Ha funzionato come unica scuola a tempo normale dell’Istituto fino al 2012 e fornisce un servizio di mensa scolastica con tempo prolungato sino alle 14,30, gestito dalla Cooperativa “La scatola magica”.

La frana del 1982 ha rappresentato un momento critico per la popolazione del quartiere ed ha contribuito ad una temporanea diminuzione demografica, in parte recuperata nel tempo.

L’attuale Parco “Belvedere” e la Parrocchia di “Santa Maria Liberatrice” rappresentano due significativi punti di aggregazione per le famiglie e i ragazzi, agevolando la conoscenza e la socializzazione con ricadute positive nell’ambito scolastico.

Ospita da alcuni anni la sezione staccata della Scuola dell’Infanzia “Gramsci”.

La Scuola Media “Podesti”

La Scuola Media “F. Podesti” prende il nome dal pittore anconetano Francesco Podesti, considerato uno dei maggiori pittori italiani della prima metà dell’Ottocento.

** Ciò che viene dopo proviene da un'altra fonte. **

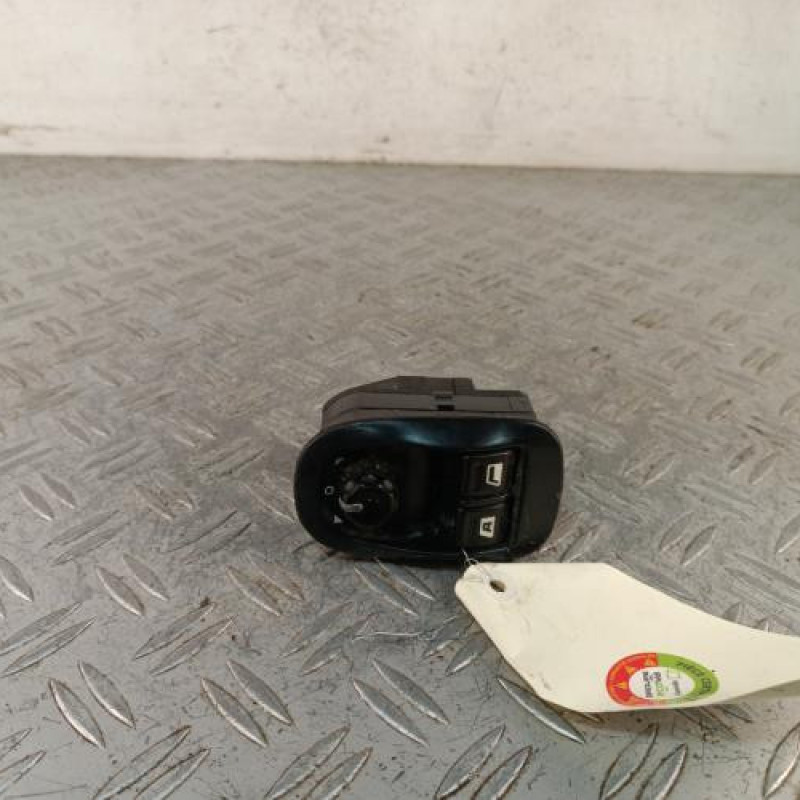 Interrupteur de leve vitre avant gauche PEUGEOT 206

Prima della riforma del 1962, la scuola comprendeva due indirizzi: l’avviamento professionale e la scuola media, a cui si accedeva previo esame d’ammissione.

In seguito alla riforma, diventa scuola media unificata, in seno a un bacino di utenza in espansione che subì una flessione, a causa della frana del 1982.

La scuola, nell’ultimo decennio, si configura come punto di riferimento per un quartiere con una significativa presenza di diverse etnie che, oggi, risultano pienamente inserite nel tessuto socio-economico e culturale della città.

Al fine di garantire un percorso formativo organico condiviso dai vari segmenti scolastici del nostro Istituto, si è giunti alla realizzazione di un progetto comune, in itinere, che fa della continuità uno dei principi ispiratori del PTOF.